*** Begin section ***
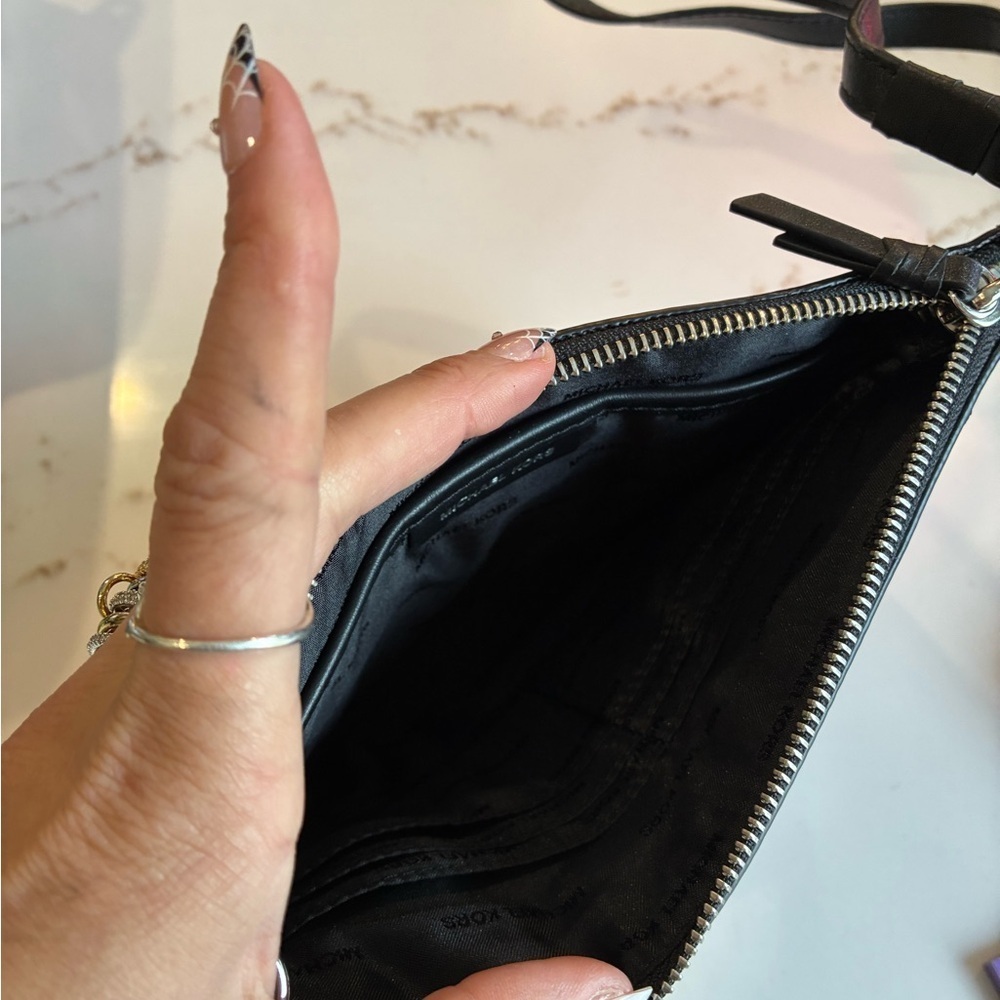 Michael Kors black wristlet - Picture 3 of 4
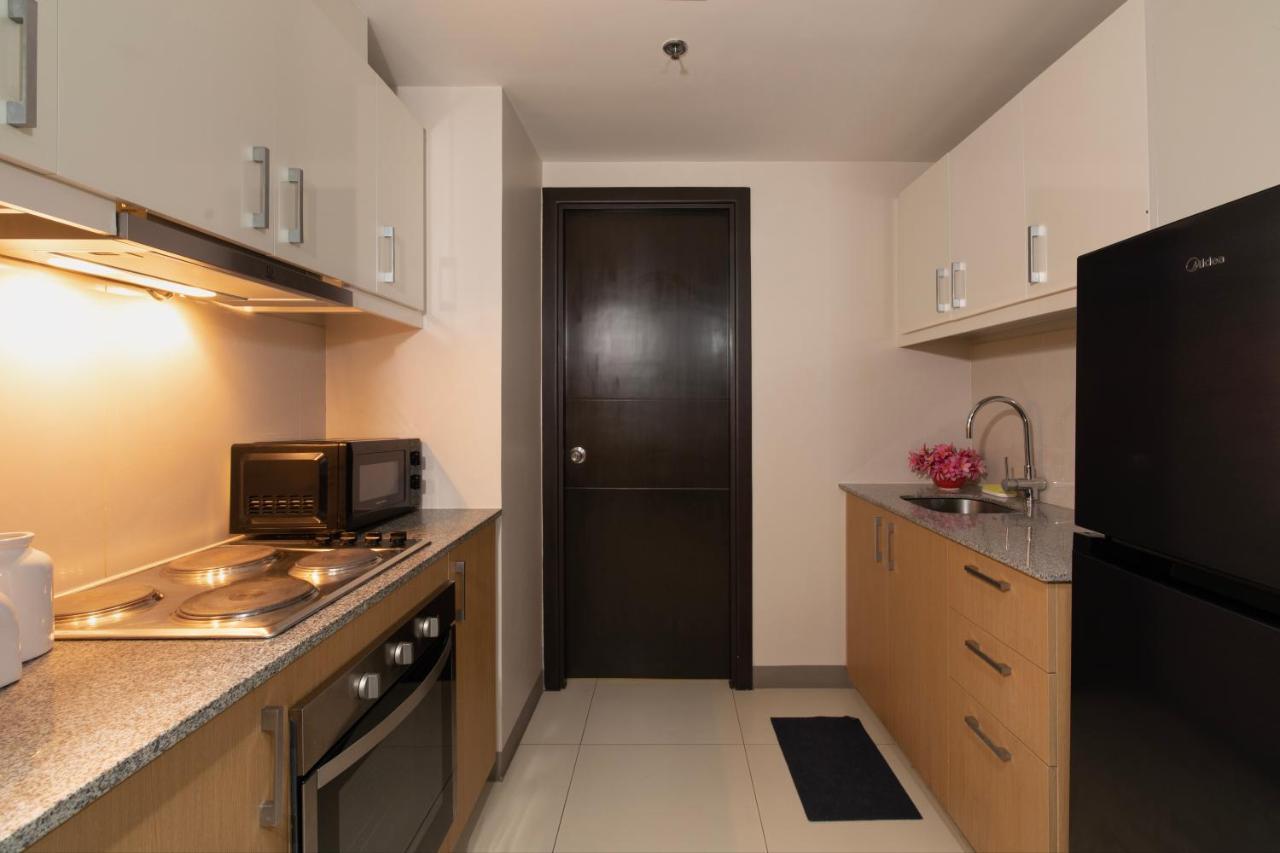 Uptown Parksuites Tower 1 Bgc By Ph Staycation * Manila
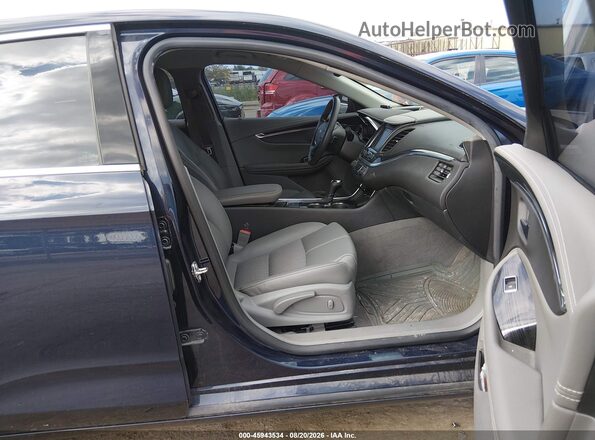 2G11X5S37K9140892 2019 CHEVROLET IMPALA Синий Вид салона спереди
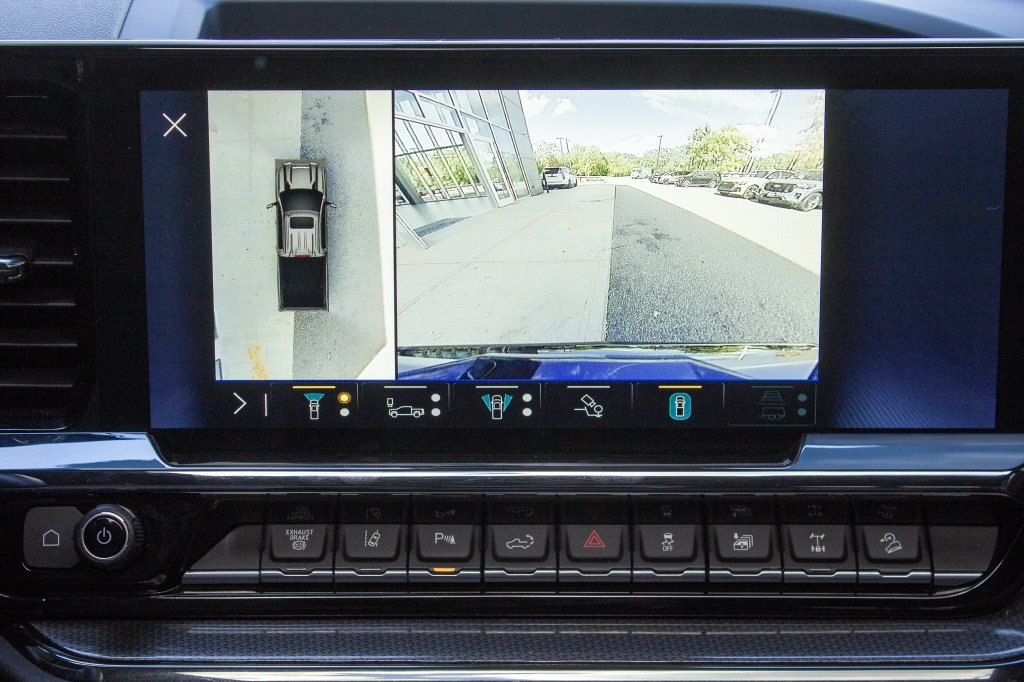Used 2024 Chevrolet Silverado 2500 ZR2 AWD/4WD image 18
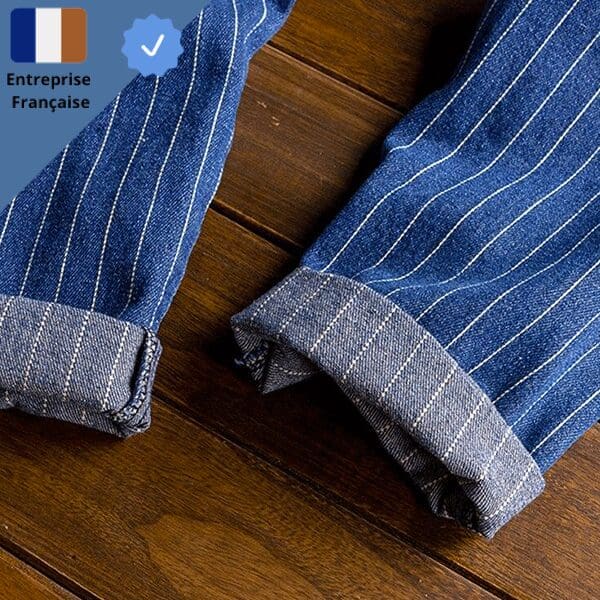 salopette-bleu-avec-des-rayures-blanches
*** End section ***
**Task details:**
Quote the full listing above word for word; exclude every picture from the copy.

**Task response:**
 Michael Kors black wristlet - Picture 3 of 4
 Uptown Parksuites Tower 1 Bgc By Ph Staycation * Manila
 2G11X5S37K9140892 2019 CHEVROLET IMPALA Синий Вид салона спереди
Used 2024 Chevrolet Silverado 2500 ZR2 AWD/4WD image 18
 salopette-bleu-avec-des-rayures-blanches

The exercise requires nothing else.